[Start of Attachment]

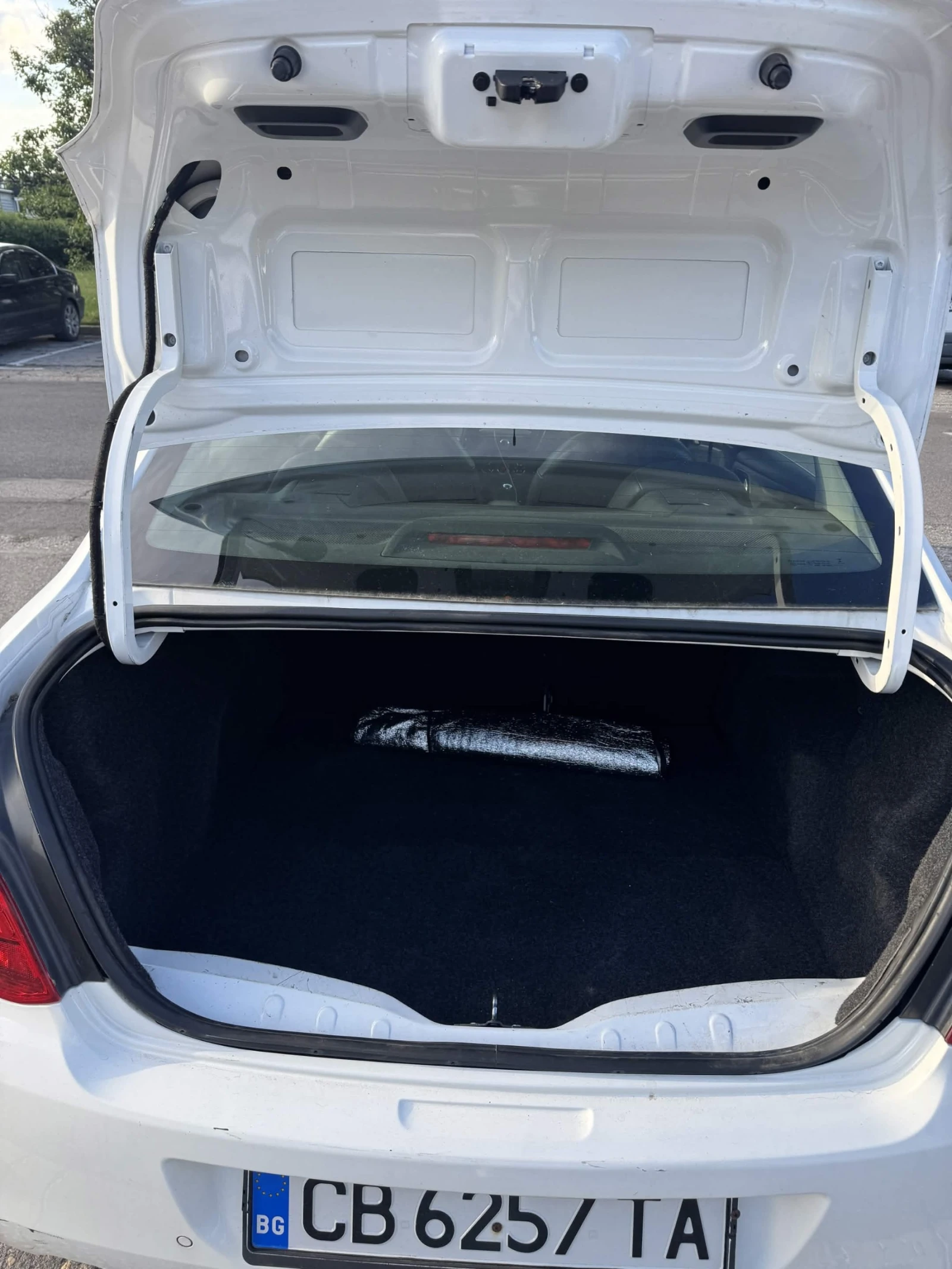 Peugeot 301, снимка 8 - Автомобили и джипове - 55073711
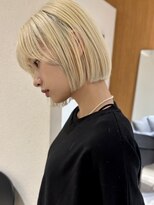 ヤイエ 青山店(yiye)&nbsp;インナーカラーボブ前髪くびれショートボブ前下がりショート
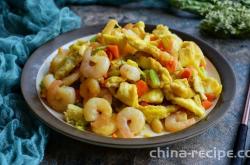 The method of stir frying shrimp with celery and eggs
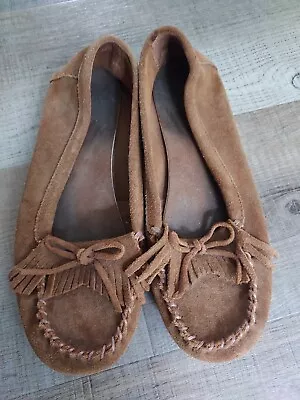 Minnetonka Women's Suede Leather Moccasins Size 9 Tan Fringe • $24.99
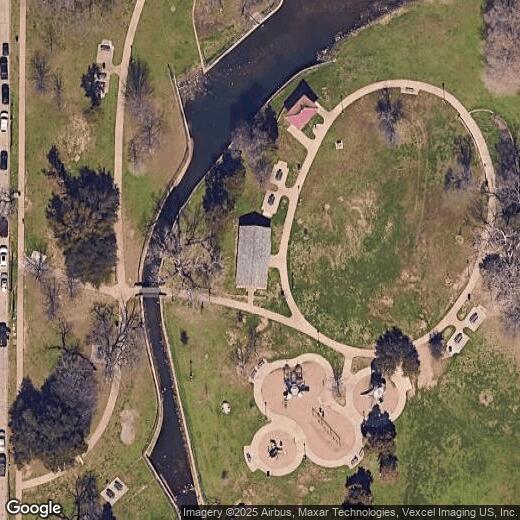 Primary Photo - 1100 N Zang Blvd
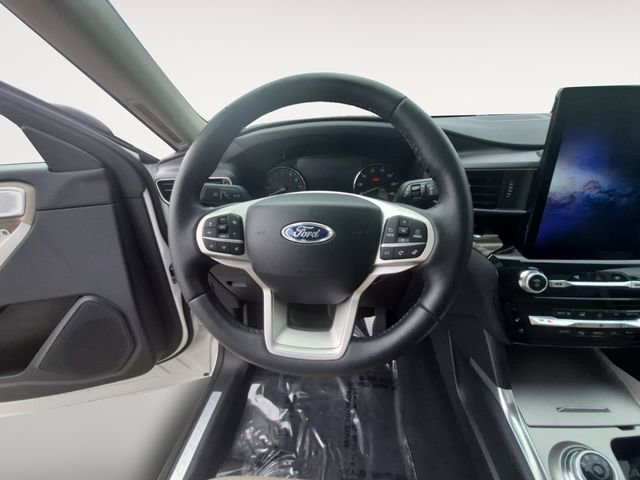 Used 2023 Ford Explorer Limited w/ Limited Technology Package RWD image 12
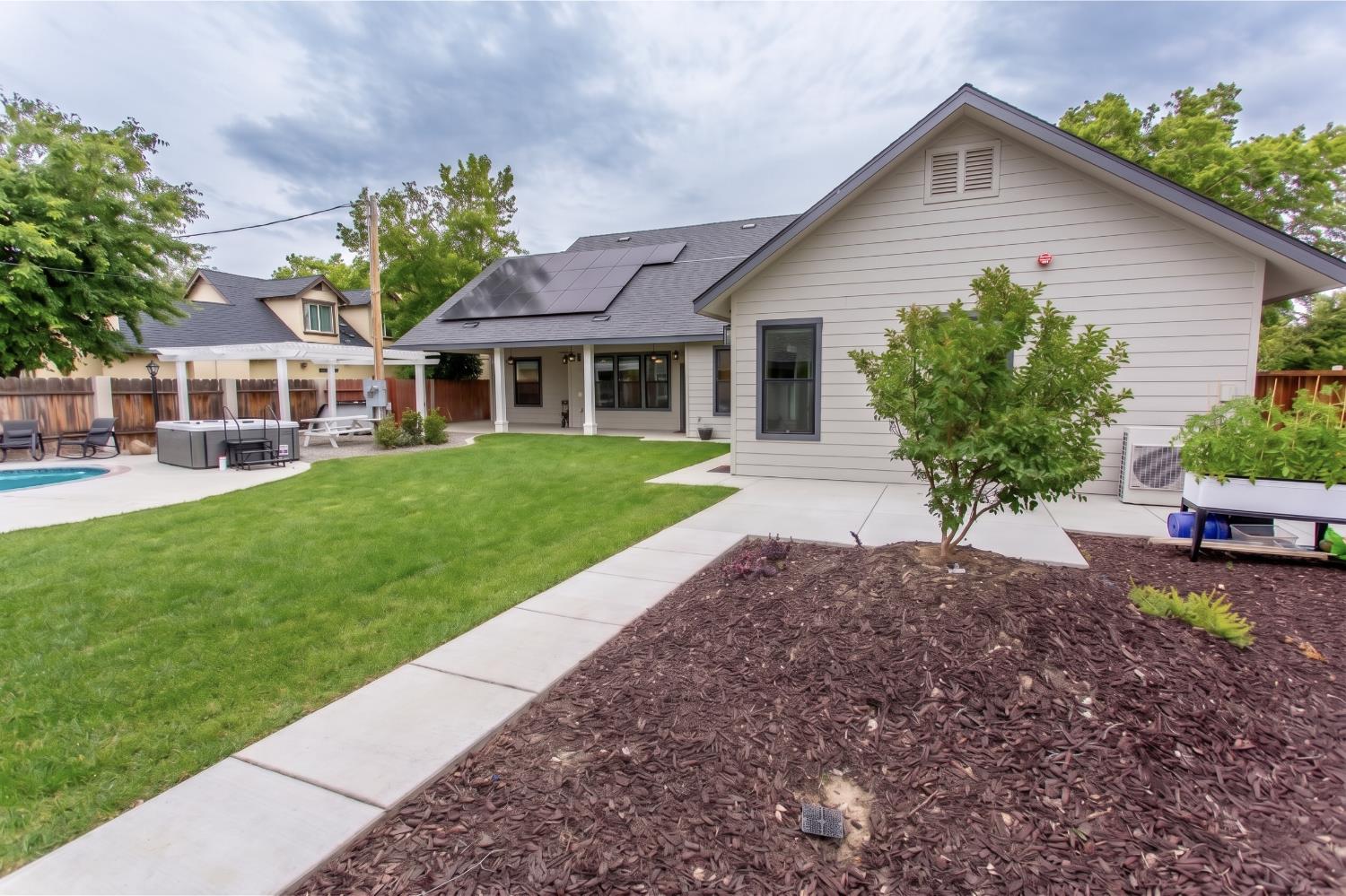 1621 S 6th St, Los Banos, CA 93635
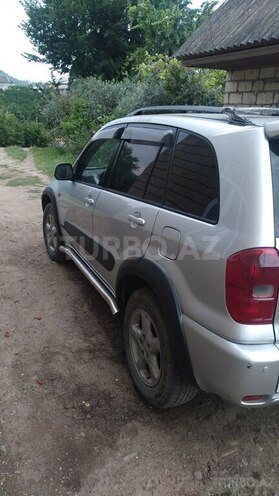 Toyota RAV4-3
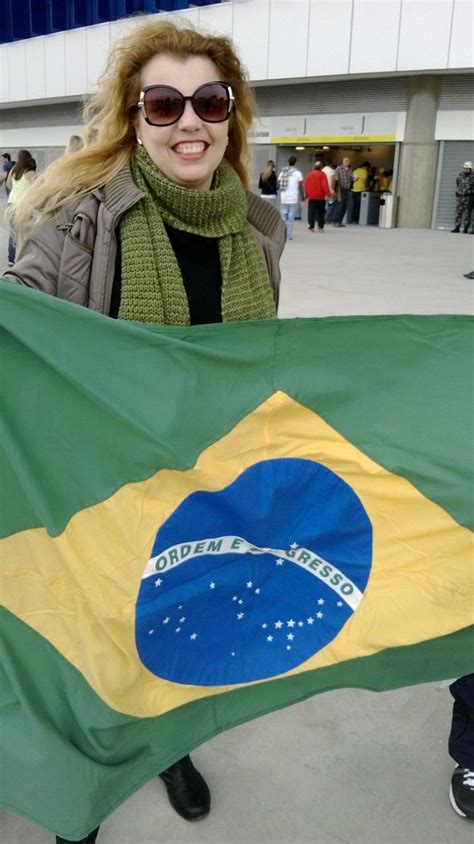 Poppy Joan Linkedin Brasilia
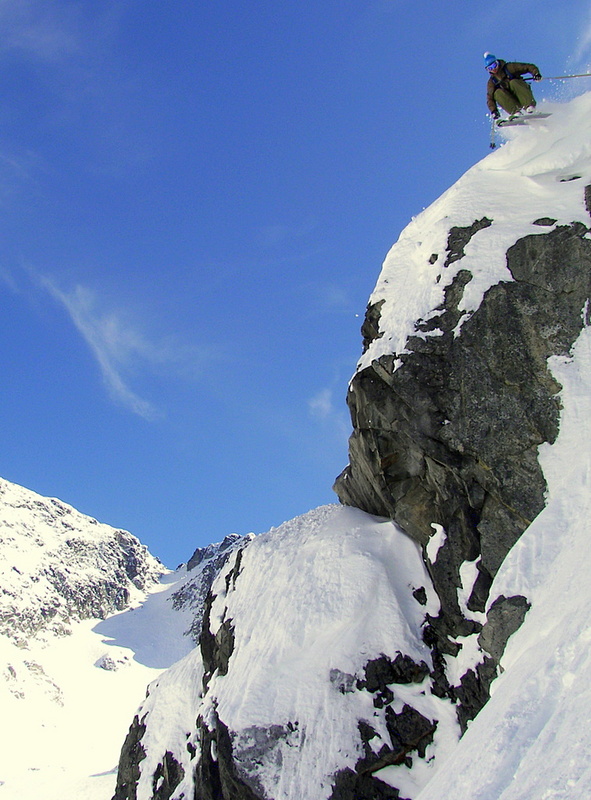 April skeeeiiiiingggg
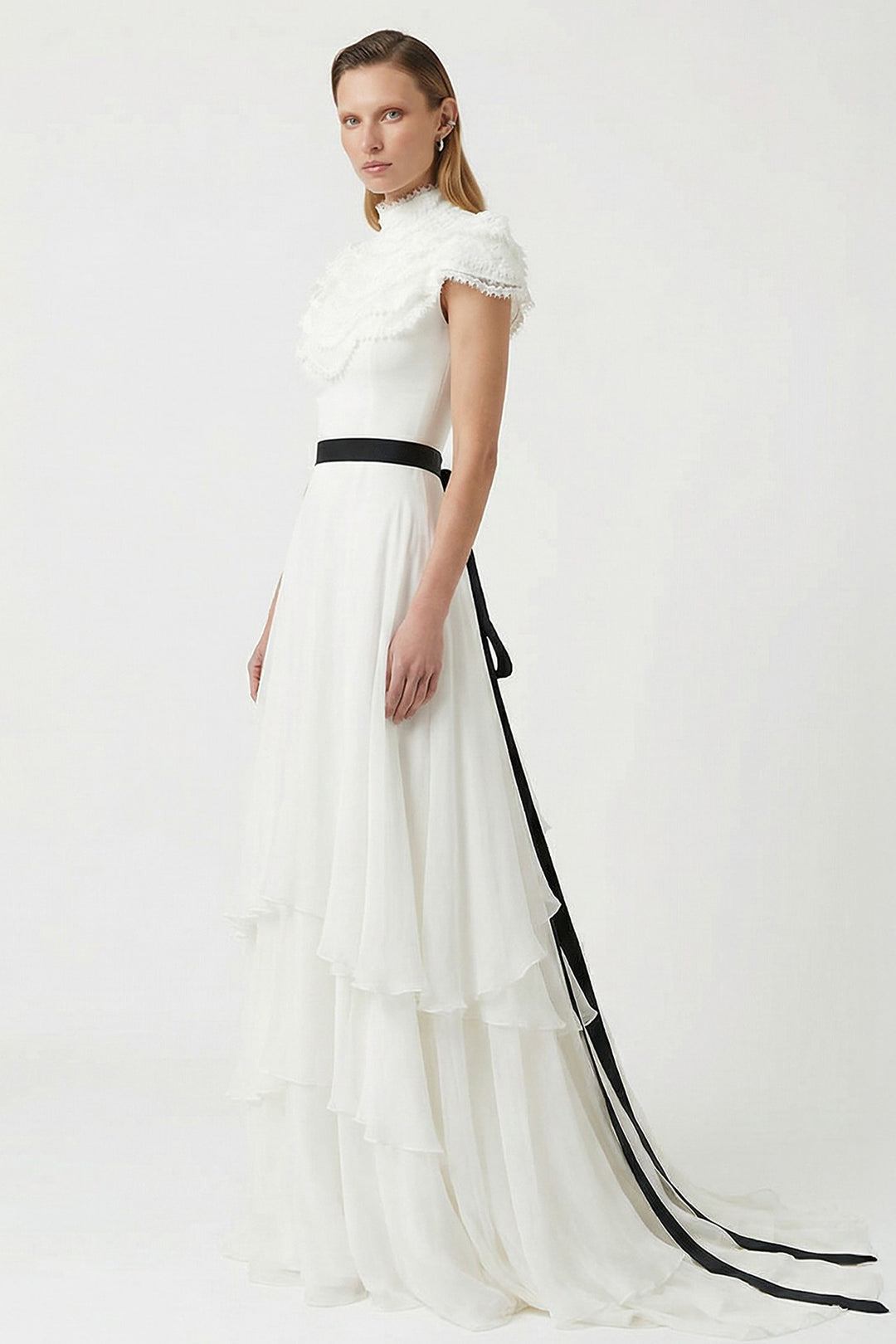 Wedding Dress with Raised Shoulders and Ribbon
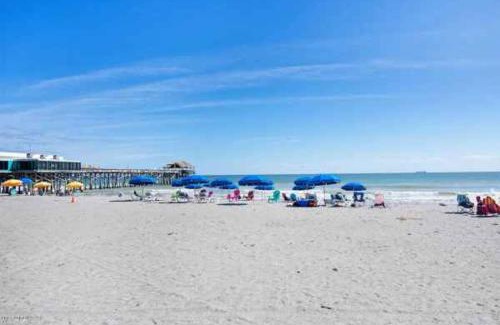 Avon By The Sea Apartamento | Ocean Front by Cocoa Beach Pier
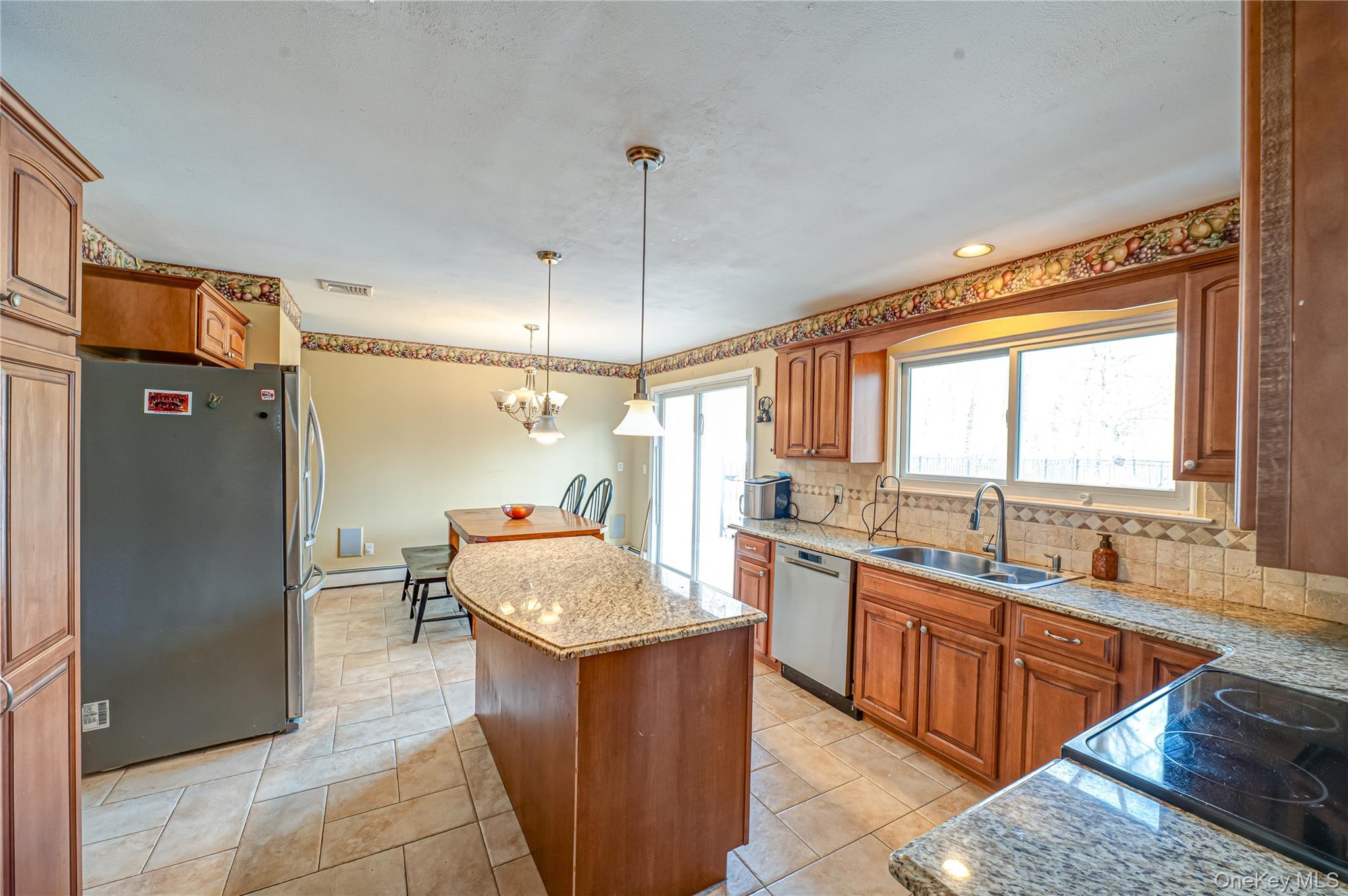 19 Tamara Court, Melville, NY 11747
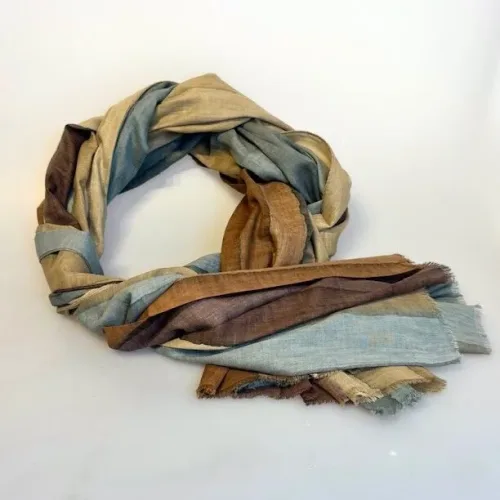 Djian Koloreret Tørklæde - Grå Brune Toner, streifen, striber, koloreret, tryk, batikfarvet, tryk, farveforløb, diskret, jordfarver, brun, grå, dæmpede, smart, elegant, inde, udendørs, stola, moderne, let, aflangt, stort, blødt, økologisk, bomuld, bomuldstørklæde, kba, bio, øko, bæredygtigt, natur, biti, ribe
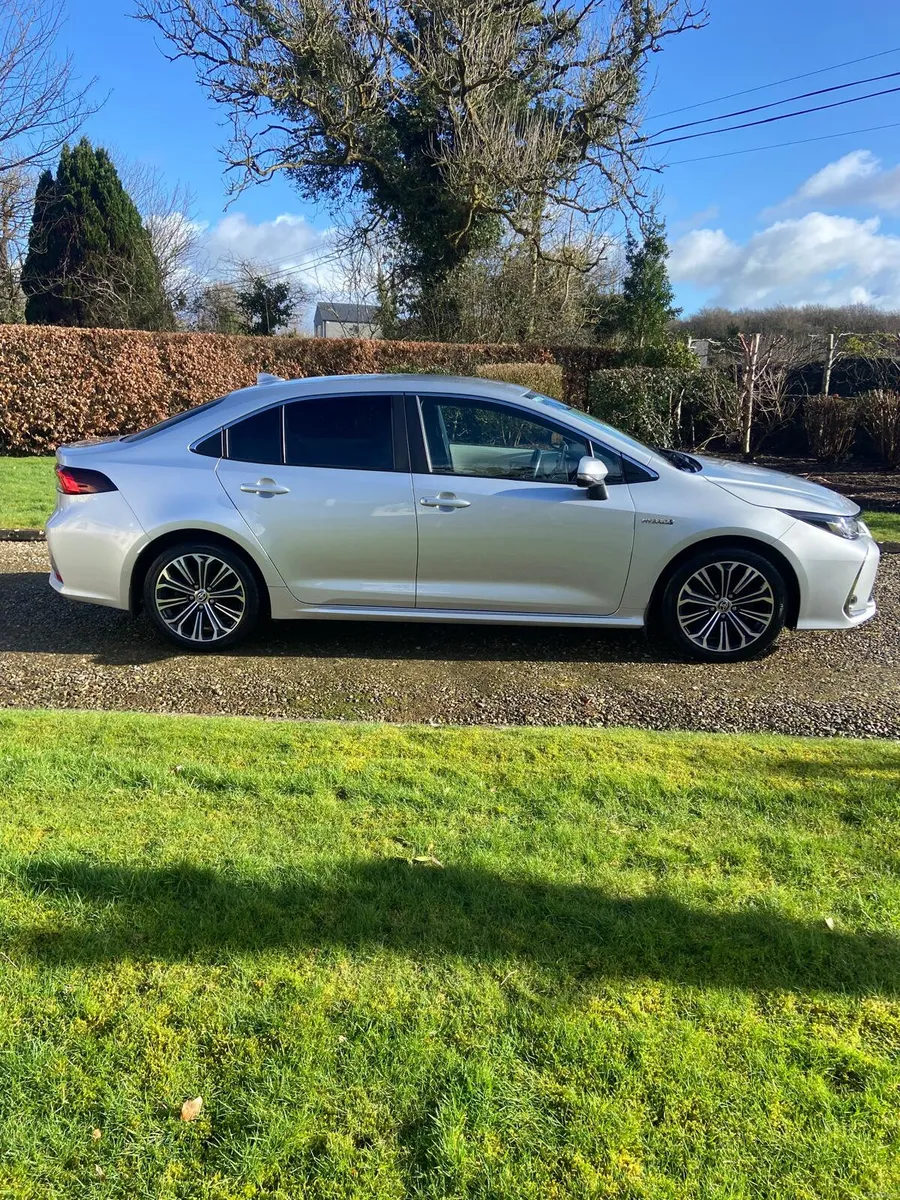 221 Toyota Corolla Luna sport. Only 24500 euro - Image 3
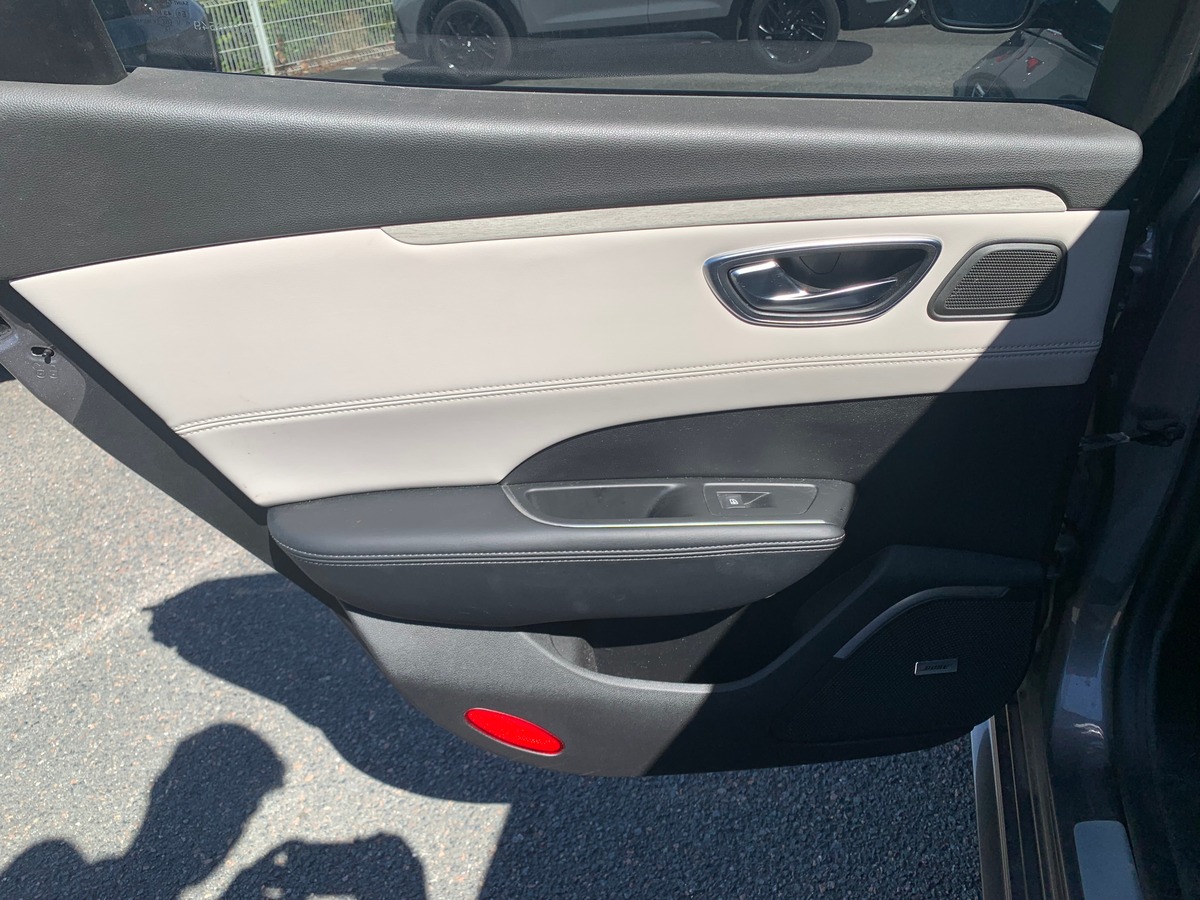 RENAULT Talisman 160 ch | Initiale PARIS | Caméra recul | Affichage tête haute | Sièges électriques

[End of Attachment]

**Exercise brief:** With pictures removed, write out exactly each line of the entries from the first through the line that holds "Djian Koloreret Tørklæde".

**Response to the exercise:**
 Peugeot 301, снимка 8 - Автомобили и джипове - 55073711
 ヤイエ 青山店(yiye)&nbsp;インナーカラーボブ前髪くびれショートボブ前下がりショート
 The method of stir frying shrimp with celery and eggs
 Minnetonka Women's Suede Leather Moccasins Size 9 Tan Fringe • $24.99
 Primary Photo - 1100 N Zang Blvd
 Used 2023 Ford Explorer Limited w/ Limited Technology Package RWD image 12
 1621 S 6th St, Los Banos, CA 93635
 Toyota RAV4-3
 Poppy Joan Linkedin Brasilia
 April skeeeiiiiingggg
 Wedding Dress with Raised Shoulders and Ribbon
 Avon By The Sea Apartamento | Ocean Front by Cocoa Beach Pier
 19 Tamara Court, Melville, NY 11747
 Djian Koloreret Tørklæde - Grå Brune Toner, streifen, striber, koloreret, tryk, batikfarvet, tryk, farveforløb, diskret, jordfarver, brun, grå, dæmpede, smart, elegant, inde, udendørs, stola, moderne, let, aflangt, stort, blødt, økologisk, bomuld, bomuldstørklæde, kba, bio, øko, bæredygtigt, natur, biti, ribe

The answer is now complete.